Problem statement: From the listing below, output only the lines starting at the line that has "Мышь проводная MSI" and ending at the line that has "Dahua HDW3849HP-AS-PV-0280B-PRO (2.8", exactly as they appear, ends included.

Material supplied:
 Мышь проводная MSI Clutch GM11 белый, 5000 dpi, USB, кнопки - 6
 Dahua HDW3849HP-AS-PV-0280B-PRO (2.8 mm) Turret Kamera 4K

---

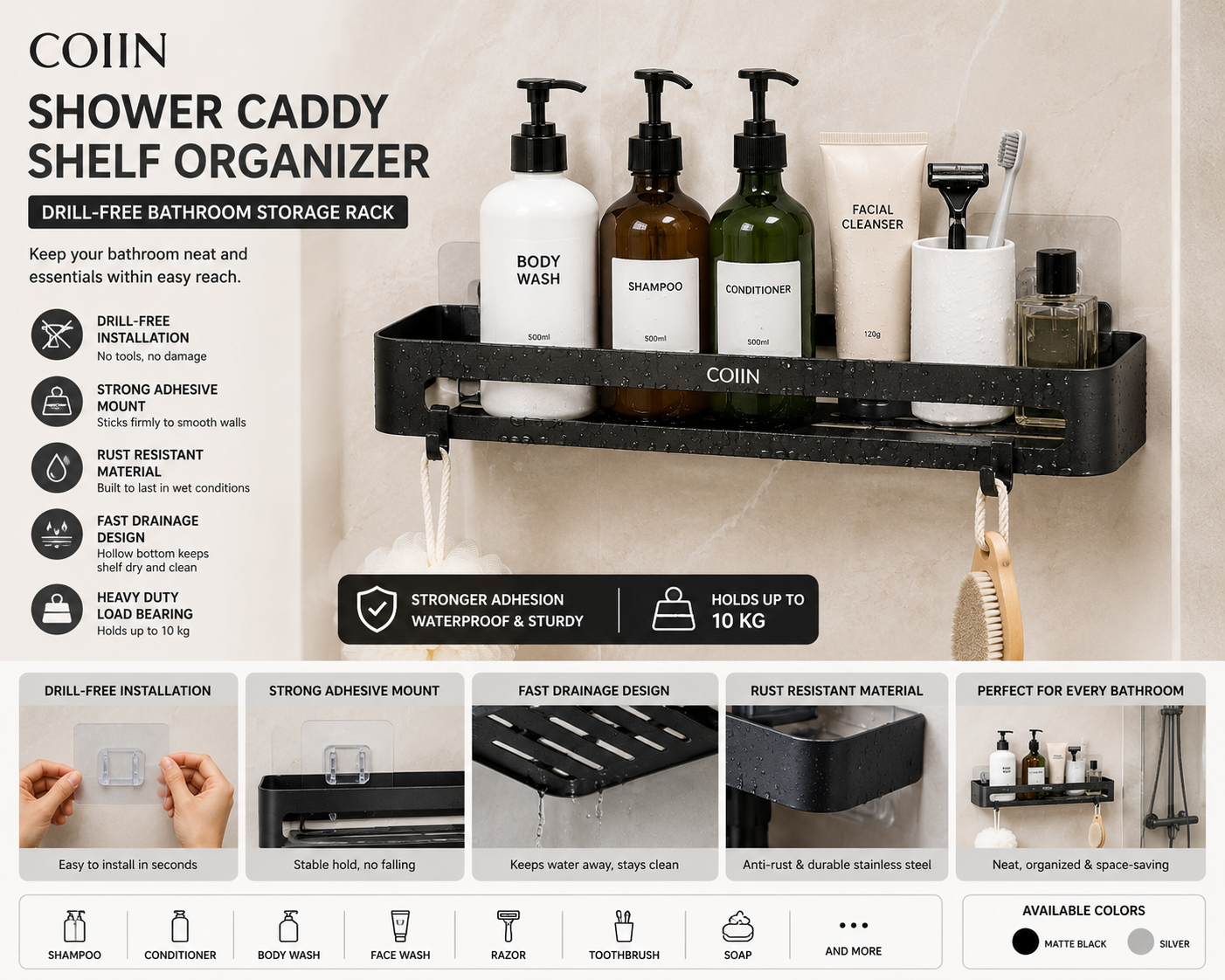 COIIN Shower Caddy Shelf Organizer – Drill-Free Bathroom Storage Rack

Answer area:
 Мышь проводная MSI Clutch GM11 белый, 5000 dpi, USB, кнопки - 6
 Dahua HDW3849HP-AS-PV-0280B-PRO (2.8 mm) Turret Kamera 4K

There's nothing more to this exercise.